Case ID: ky-op_11/html/0010-01.html
Source: Caselaw Access Project
Author: {"author": "Judge Hargis:", "license": "Public Domain", "url": "https://static.case.law/"}
Date Created: 2024-08-24T03:29:51.129683

Wm. H. Brown v. Commonwealth.
    [Abstract Kentucky Law Reporter, Vol. 2-214.]
    Jurisdiction of Criminal Court.
    Pursuant to Gen.
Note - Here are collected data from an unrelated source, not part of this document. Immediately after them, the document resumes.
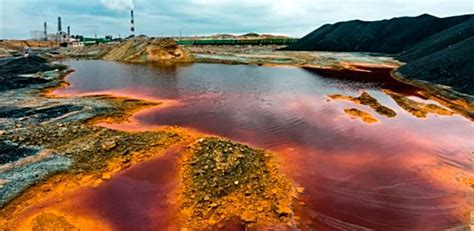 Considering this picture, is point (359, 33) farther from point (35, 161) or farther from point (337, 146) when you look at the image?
point (35, 161)

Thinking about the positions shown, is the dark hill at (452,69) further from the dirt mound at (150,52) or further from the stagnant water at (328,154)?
the dirt mound at (150,52)

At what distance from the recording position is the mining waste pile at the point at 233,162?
36.8 ft

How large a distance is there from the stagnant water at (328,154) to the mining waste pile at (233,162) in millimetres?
69

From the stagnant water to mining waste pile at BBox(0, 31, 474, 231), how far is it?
0.07 metres

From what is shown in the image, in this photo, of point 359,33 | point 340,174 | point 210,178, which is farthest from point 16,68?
point 359,33

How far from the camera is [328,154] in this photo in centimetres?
1659

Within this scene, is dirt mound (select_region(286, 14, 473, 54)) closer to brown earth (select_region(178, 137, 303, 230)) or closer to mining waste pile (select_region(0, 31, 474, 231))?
mining waste pile (select_region(0, 31, 474, 231))

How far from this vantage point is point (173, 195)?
1241 cm

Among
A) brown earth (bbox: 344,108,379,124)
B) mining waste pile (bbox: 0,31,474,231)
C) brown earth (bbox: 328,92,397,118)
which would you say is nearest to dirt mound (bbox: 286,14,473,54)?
brown earth (bbox: 328,92,397,118)

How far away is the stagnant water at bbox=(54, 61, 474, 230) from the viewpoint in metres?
11.5

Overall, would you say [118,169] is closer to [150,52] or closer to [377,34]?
[150,52]

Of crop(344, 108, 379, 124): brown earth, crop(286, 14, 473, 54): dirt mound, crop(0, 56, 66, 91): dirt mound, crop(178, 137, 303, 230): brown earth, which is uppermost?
crop(286, 14, 473, 54): dirt mound

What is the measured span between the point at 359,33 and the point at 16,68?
3253 inches

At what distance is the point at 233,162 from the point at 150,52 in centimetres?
5355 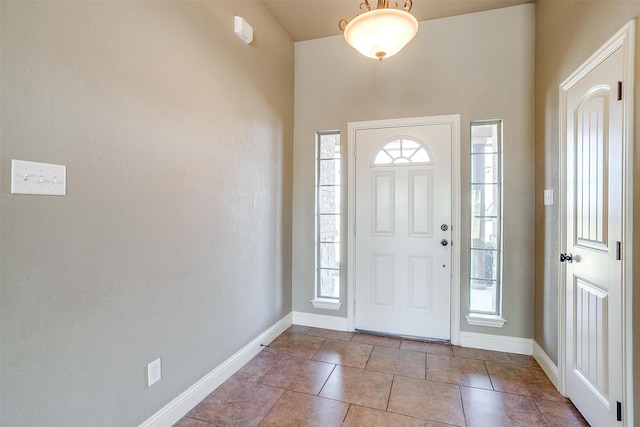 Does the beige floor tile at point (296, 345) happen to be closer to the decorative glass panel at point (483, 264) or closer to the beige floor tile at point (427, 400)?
the beige floor tile at point (427, 400)

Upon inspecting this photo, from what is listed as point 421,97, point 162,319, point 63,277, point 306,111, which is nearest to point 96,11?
point 63,277

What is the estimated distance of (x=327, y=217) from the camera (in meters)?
3.27

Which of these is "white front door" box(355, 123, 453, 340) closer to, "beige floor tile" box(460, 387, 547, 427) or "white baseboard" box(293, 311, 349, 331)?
"white baseboard" box(293, 311, 349, 331)

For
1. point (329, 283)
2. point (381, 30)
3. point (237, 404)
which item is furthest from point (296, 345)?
point (381, 30)

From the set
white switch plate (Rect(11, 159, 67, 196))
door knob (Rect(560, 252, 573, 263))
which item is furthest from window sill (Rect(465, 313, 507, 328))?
white switch plate (Rect(11, 159, 67, 196))

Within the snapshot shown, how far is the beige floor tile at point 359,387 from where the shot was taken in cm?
199

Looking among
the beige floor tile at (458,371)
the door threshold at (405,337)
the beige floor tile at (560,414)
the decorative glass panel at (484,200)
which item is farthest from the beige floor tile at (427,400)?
the decorative glass panel at (484,200)

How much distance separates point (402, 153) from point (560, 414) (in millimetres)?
2261

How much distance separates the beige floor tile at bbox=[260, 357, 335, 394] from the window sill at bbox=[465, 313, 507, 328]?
1376 mm

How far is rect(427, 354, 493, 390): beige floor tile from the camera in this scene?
7.26 ft

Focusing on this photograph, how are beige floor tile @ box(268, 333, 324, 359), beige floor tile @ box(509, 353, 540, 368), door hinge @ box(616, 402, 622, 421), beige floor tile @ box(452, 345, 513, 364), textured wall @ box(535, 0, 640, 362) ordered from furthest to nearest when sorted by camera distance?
1. beige floor tile @ box(268, 333, 324, 359)
2. beige floor tile @ box(452, 345, 513, 364)
3. beige floor tile @ box(509, 353, 540, 368)
4. textured wall @ box(535, 0, 640, 362)
5. door hinge @ box(616, 402, 622, 421)

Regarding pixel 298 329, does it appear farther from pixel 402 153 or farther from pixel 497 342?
pixel 402 153

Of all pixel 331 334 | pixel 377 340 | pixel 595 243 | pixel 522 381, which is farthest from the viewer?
pixel 331 334

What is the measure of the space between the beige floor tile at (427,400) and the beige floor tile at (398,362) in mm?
102
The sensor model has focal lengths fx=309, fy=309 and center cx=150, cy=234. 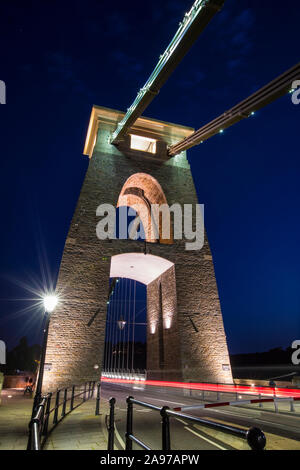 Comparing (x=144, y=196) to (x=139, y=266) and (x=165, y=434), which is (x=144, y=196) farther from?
(x=165, y=434)

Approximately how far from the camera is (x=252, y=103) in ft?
49.6

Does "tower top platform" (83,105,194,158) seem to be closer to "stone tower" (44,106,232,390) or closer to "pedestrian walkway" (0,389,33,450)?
"stone tower" (44,106,232,390)

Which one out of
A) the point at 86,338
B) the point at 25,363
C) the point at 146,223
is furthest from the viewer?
the point at 25,363

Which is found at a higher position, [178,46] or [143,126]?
[143,126]

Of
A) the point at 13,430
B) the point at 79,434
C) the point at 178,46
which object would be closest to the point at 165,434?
the point at 79,434

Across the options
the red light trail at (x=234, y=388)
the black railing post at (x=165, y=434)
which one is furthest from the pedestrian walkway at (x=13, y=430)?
the red light trail at (x=234, y=388)

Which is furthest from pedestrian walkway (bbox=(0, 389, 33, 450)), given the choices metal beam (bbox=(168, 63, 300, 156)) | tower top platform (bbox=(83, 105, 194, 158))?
tower top platform (bbox=(83, 105, 194, 158))

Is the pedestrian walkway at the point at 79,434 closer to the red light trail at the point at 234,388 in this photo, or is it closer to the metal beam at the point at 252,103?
the red light trail at the point at 234,388

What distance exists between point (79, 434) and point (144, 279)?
15658mm

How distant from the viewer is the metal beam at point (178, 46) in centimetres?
1198

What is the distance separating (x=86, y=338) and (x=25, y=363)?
145ft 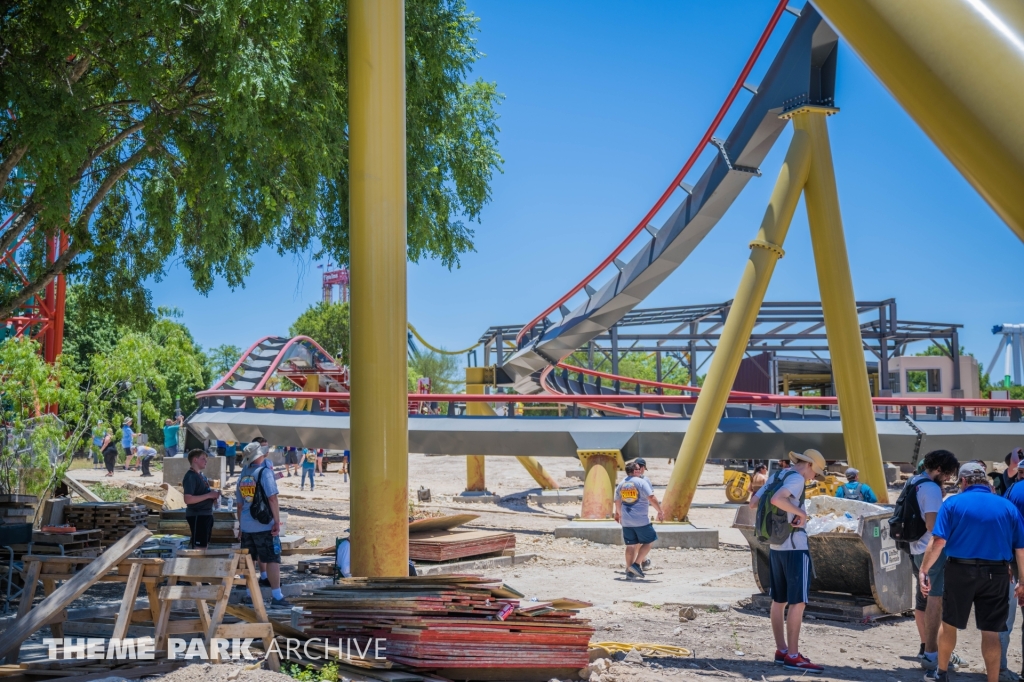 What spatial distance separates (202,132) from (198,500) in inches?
152

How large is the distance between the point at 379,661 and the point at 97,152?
6.10m

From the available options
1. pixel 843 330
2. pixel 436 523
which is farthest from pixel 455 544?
pixel 843 330

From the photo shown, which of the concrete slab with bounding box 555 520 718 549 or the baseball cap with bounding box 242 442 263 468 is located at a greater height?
the baseball cap with bounding box 242 442 263 468

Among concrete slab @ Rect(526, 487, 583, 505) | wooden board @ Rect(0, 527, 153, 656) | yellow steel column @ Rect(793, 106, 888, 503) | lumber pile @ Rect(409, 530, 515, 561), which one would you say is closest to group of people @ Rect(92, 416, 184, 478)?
concrete slab @ Rect(526, 487, 583, 505)

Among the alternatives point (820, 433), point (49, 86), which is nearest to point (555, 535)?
point (820, 433)

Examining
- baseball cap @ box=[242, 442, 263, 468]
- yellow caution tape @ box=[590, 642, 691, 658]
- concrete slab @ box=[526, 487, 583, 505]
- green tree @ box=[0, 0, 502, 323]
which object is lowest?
concrete slab @ box=[526, 487, 583, 505]

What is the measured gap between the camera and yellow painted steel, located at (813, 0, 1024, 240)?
123 cm

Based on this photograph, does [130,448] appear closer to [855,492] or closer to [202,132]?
[202,132]

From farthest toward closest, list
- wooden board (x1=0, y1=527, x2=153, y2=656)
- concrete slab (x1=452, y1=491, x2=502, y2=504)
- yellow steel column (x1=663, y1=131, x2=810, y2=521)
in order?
concrete slab (x1=452, y1=491, x2=502, y2=504)
yellow steel column (x1=663, y1=131, x2=810, y2=521)
wooden board (x1=0, y1=527, x2=153, y2=656)

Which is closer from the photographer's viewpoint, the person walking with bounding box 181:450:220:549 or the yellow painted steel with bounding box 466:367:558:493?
the person walking with bounding box 181:450:220:549

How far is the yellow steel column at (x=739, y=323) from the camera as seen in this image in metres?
13.9

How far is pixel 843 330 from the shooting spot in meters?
13.9

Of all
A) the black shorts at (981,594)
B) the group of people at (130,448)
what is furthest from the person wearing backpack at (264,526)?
the group of people at (130,448)

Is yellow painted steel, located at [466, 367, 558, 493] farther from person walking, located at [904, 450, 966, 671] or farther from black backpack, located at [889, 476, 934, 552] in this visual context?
person walking, located at [904, 450, 966, 671] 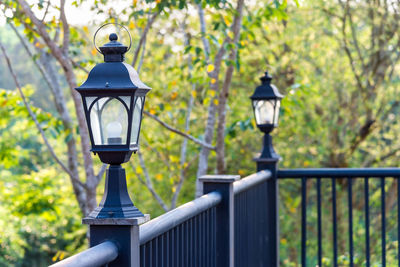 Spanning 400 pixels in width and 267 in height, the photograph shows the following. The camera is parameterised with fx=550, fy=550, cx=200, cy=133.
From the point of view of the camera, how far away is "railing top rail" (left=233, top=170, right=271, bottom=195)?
130 inches

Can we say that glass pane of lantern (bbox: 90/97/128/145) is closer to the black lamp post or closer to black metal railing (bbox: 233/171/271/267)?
black metal railing (bbox: 233/171/271/267)

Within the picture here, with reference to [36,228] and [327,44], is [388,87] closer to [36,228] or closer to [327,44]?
[327,44]

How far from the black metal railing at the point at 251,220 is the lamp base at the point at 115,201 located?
1.44m

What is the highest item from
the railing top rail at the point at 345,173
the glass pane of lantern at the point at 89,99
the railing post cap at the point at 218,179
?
the glass pane of lantern at the point at 89,99

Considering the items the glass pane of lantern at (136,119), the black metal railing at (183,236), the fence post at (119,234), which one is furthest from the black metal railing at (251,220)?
the fence post at (119,234)

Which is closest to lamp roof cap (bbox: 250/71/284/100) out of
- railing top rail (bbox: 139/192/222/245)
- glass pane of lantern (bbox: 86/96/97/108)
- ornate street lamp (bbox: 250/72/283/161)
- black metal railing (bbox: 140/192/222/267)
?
ornate street lamp (bbox: 250/72/283/161)

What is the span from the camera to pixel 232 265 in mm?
3154

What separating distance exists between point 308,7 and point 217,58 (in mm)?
4972

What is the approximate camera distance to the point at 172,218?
2.18 m

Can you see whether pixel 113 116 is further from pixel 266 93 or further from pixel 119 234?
pixel 266 93

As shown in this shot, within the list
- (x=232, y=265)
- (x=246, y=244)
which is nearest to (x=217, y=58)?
(x=246, y=244)

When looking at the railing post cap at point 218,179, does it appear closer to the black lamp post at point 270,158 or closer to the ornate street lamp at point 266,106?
the black lamp post at point 270,158

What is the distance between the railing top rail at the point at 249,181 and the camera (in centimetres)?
331

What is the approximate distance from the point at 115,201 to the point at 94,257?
1.04 ft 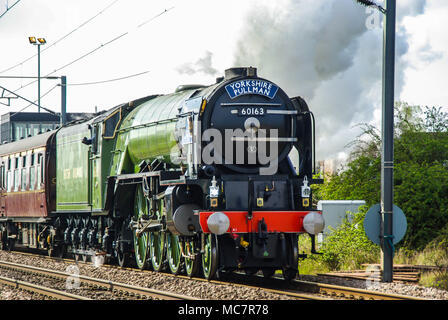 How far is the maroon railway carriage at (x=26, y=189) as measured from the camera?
2103 centimetres

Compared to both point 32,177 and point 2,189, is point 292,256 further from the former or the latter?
point 2,189

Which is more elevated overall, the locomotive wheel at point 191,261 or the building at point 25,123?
the building at point 25,123

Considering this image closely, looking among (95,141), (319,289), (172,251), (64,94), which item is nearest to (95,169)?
(95,141)

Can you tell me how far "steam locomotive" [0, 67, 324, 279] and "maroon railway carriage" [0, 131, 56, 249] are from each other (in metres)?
3.81

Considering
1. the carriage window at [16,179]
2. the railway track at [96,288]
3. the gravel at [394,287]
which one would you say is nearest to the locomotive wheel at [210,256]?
the railway track at [96,288]

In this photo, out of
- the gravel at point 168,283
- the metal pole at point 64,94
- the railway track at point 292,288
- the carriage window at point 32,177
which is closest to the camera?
the railway track at point 292,288

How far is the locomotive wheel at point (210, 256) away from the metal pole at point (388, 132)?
116 inches

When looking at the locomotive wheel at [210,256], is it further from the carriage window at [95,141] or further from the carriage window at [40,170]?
the carriage window at [40,170]

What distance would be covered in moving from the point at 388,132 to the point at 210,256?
12.4ft

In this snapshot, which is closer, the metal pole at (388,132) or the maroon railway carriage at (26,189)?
the metal pole at (388,132)

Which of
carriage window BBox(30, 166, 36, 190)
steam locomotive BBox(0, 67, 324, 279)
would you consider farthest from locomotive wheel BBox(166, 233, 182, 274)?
carriage window BBox(30, 166, 36, 190)

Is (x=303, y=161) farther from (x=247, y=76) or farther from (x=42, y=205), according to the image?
(x=42, y=205)

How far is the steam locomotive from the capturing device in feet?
41.8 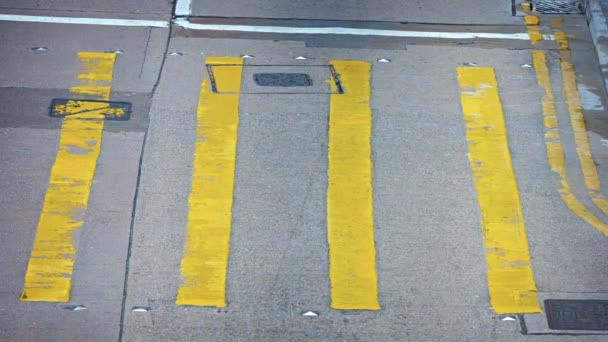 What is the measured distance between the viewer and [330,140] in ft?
47.8

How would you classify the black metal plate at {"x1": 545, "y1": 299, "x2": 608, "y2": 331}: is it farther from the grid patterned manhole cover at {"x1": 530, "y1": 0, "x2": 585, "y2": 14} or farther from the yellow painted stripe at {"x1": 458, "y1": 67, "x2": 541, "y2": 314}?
the grid patterned manhole cover at {"x1": 530, "y1": 0, "x2": 585, "y2": 14}

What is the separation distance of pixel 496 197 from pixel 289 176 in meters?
2.54

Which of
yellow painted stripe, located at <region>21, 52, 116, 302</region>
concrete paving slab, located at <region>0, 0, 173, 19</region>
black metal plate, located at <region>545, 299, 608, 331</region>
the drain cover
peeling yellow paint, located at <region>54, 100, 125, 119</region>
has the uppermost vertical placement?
concrete paving slab, located at <region>0, 0, 173, 19</region>

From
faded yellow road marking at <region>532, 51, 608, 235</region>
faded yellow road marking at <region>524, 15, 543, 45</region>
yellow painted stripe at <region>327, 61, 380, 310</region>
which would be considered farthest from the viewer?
faded yellow road marking at <region>524, 15, 543, 45</region>

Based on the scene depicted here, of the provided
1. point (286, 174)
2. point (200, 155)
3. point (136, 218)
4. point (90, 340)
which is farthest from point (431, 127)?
point (90, 340)

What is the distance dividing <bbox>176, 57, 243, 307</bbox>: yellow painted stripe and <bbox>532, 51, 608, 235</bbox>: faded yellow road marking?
4.08 metres

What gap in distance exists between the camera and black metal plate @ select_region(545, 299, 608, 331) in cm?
1208

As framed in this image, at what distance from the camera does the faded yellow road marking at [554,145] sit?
13.6 meters

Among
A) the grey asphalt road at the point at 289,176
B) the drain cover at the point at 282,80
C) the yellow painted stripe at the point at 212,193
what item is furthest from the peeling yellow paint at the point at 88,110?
the drain cover at the point at 282,80

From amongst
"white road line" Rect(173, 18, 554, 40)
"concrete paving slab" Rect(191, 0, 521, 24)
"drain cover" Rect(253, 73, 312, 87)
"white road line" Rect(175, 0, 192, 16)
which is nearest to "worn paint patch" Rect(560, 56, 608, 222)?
"white road line" Rect(173, 18, 554, 40)

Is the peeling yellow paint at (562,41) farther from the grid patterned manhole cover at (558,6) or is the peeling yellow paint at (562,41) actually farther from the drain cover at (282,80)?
the drain cover at (282,80)

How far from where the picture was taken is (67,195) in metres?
13.5

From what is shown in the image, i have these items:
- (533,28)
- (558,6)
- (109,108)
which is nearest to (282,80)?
(109,108)

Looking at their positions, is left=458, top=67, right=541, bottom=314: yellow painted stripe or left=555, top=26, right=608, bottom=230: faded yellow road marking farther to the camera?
left=555, top=26, right=608, bottom=230: faded yellow road marking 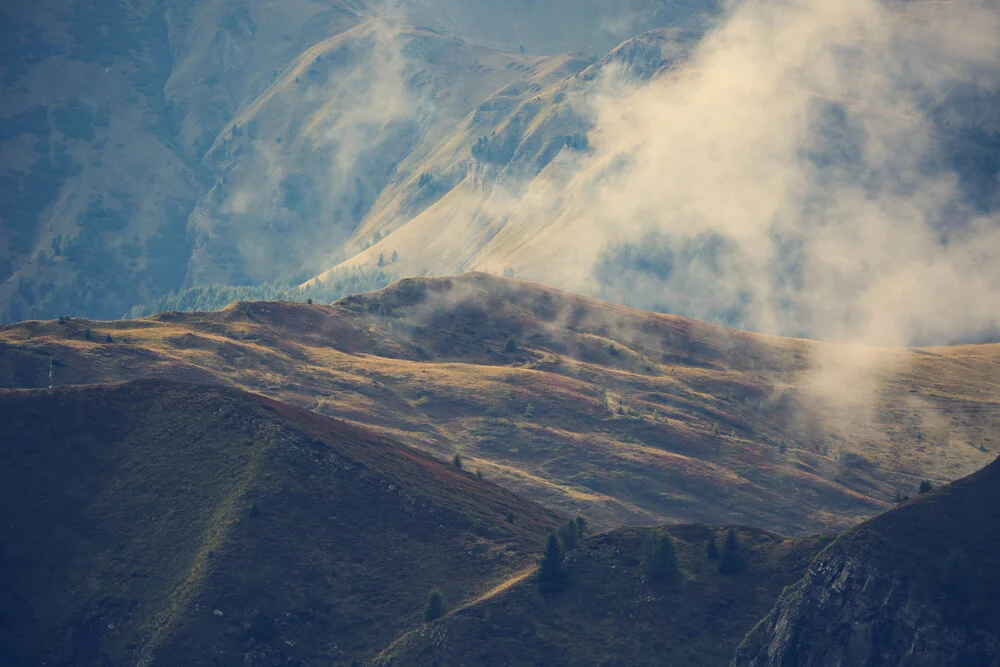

Stat. (1879) Ch. 28, Art. 11, § S, the criminal court has exclusive jurisdiction of -a case by the state against the sheriff and his sureties for failure to pay over money collected on execution issued on a judgment on a forfeited recognizance.
    Civil Action.
    A suit against a sheriff and his sureties by the state to collect money which the sheriff has collected but failed to pay over is a civil action, and has none of the elements of a criminal or penal proceeding, although the judgment upon which the execution issued was based on and grew out of the forfeiture of a recognizance.
    APPEAL FROM ROBERTSON CRIMINAL COURT.
    February 3, 1881.
    
      
      W. P. Ross, for appellant.
    
   Opinion by

Judge Hargis:

The trustee of the jury fund caused an action to be instituted in the Robertson Criminal Court in the name of the commonwealth of Kentucky against the sheriff of that county and his sureties, for the amount of an execution issued upon a judgment rendered on a forfeited recognizance by the Robertson Criminal Court, alleging that he had collected and failed to pay it over to the trustee, although demanded of him. The appellant,-one of his sureties, demurred to the petition on several grounds. It was overruled, other proceedings followed, and finally a judgment was rendered against him for the amount claimed, for which he prosecutes this appeal.

None of the grounds of the demurrer or proceedings need be noticed except that questioning the jurisdiction of the court over the subject of the action. General Statutes (1879) Ch. 28, Art. 11, § 5, regulates the jurisdiction of the criminal court district to which Robertson belongs, and it is in this language: “The said criminal court shall have exclusive jurisdiction in criminal and penal proceedings; and it shall take the place of the circuit courts in the counties of said district in such jurisdiction; and it shall also have concurrent jurisdiction with the circuit court in inquests of lunacy and idiocy, and exclusive of the circuit court in allowing claims connected with the business of said criminal court.”

This action was civil, with none of the elements of a criminal or penal proceeding in it, although the judgment upon which the execution issued was based upon and grew out of the forfeiture of a recognizance. It will be seen that the Robertson Criminal Court has no jurisdiction over any but criminal and penal proceedings, and therefore has no jurisdiction in a civil action, such as this manifestly is. The same question arose and was decided by this court under a similar statute in the case of the Commonwealth v. Skeeters, 10 Ky. Opin. 924, 2 Ky. L. 59, as we have determined in this appeal.

Wherefore the judgment is reversed and cause remanded with directions to sustain the demurrer, and for other proper proceedings.